Model 3: nvidia/NVIDIA-Nemotron-Nano-12B-v2-VL-BF16
Memory-Usage: 34,292 MiB / 46,068 MiB
└─ Python process: 530 MiB
└─ VLLM::EngineCore: 33,748 MiB
GPU-Util: 0% (idle between requests)
Power: 84W / 350W
Launch flags: --trust-remote-code --dtype bfloat16 --video-pruning-rate 0
Nemotron-Nano-12B sits in the middle despite having more parameters than the other two. The bfloat16 dtype and --video-pruning-rate 0 flag (disabling temporal frame pruning) keep memory predictable. It requires --trust-remote-code as it ships with custom modeling code not yet merged upstream.
Memory Comparison Summary
| Model | Parameters | VRAM Used | VRAM Free | Notes |
|---|---|---|---|---|
| Qwen3-VL-8B-Instruct | 8B | 37,378 MiB | 8,690 MiB | 112K context window |
| FARA-7B | 7B | 31,184 MiB | 14,884 MiB | Smallest footprint |
| Nemotron-Nano-12B-VL | 12B | 34,292 MiB | 11,776 MiB | BF16, custom code |
All three models fit comfortably within the L40S’s 46 GB. The constant 530 MiB consumed by the Python host process is the vLLM API server overhead — consistent across all runs.
Key Takeaways
- KV-cache dominates VRAM, not just model weights. Setting
--max-model-lenappropriately for your use case can save several GB. - AWS DLC images are the pragmatic choice on EC2 — ECR pulls are fast and free within a region.
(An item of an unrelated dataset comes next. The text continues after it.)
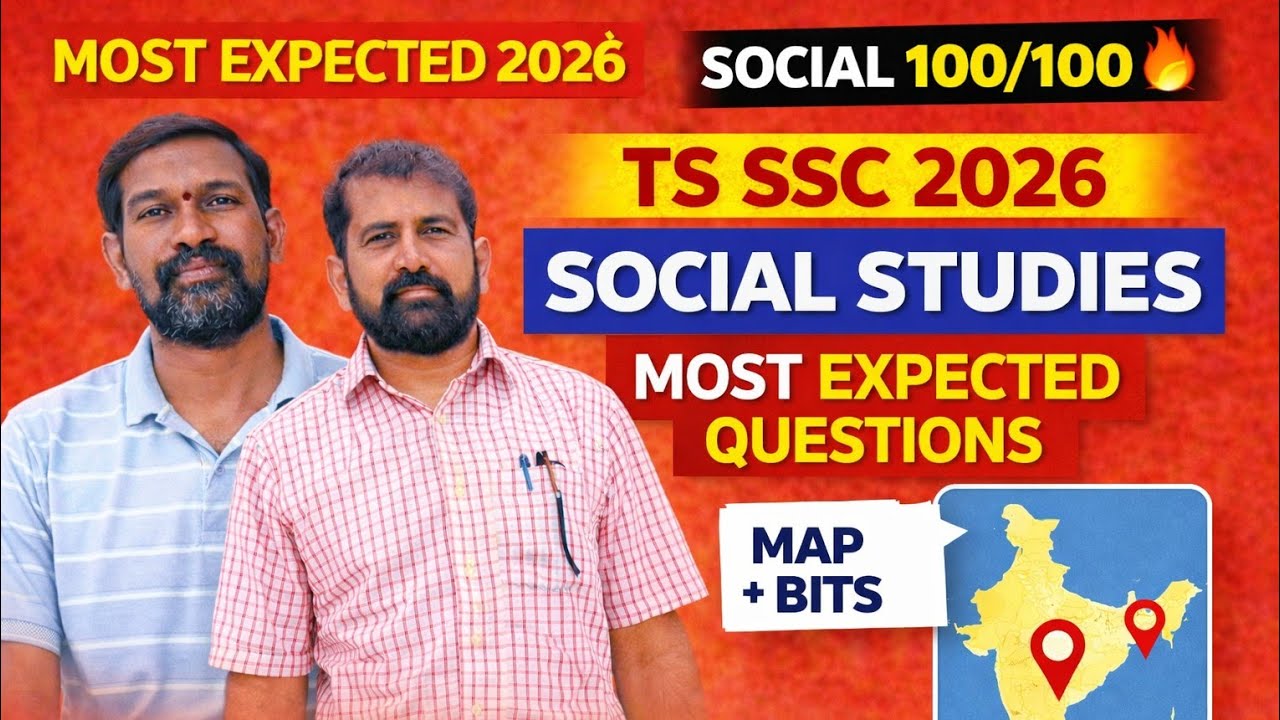 TS SSC 2026 Social Studies Most Important Questions | Map Pointing & Bits | Get 100/100 🔥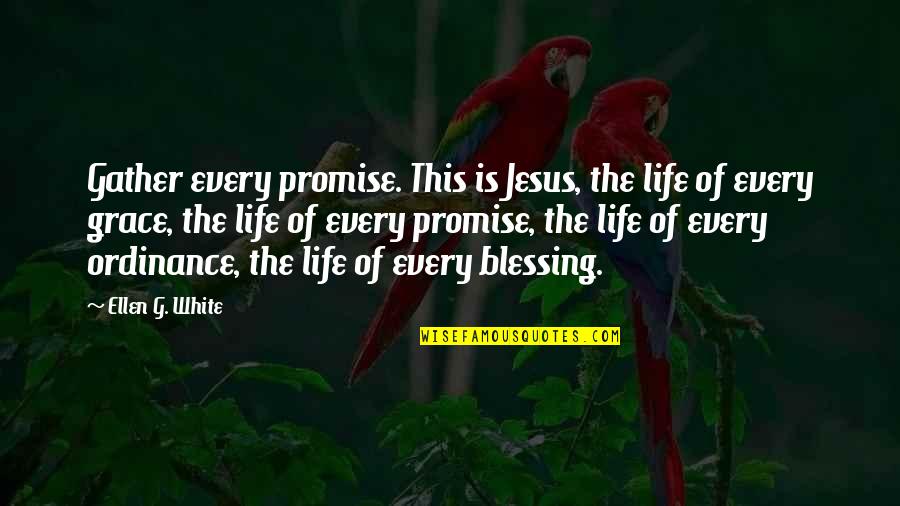 Ellen Life Quotes By Ellen G. White: Gather every promise. This is Jesus, the life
- The L40S handles all three models without VRAM pressure. A g6e.xlarge (single L40S) is a cost-effective option for single-model VLM inference.
- Open-WebUI + vLLM is a solid self-hosted stack — the OpenAI-compatible API means near-zero configuration on the frontend side.
The Docker Compose file is a good starting template for spinning up similar stacks. The main thing to parameterize before going to production is replacing the placeholder API key with a proper secret management solution.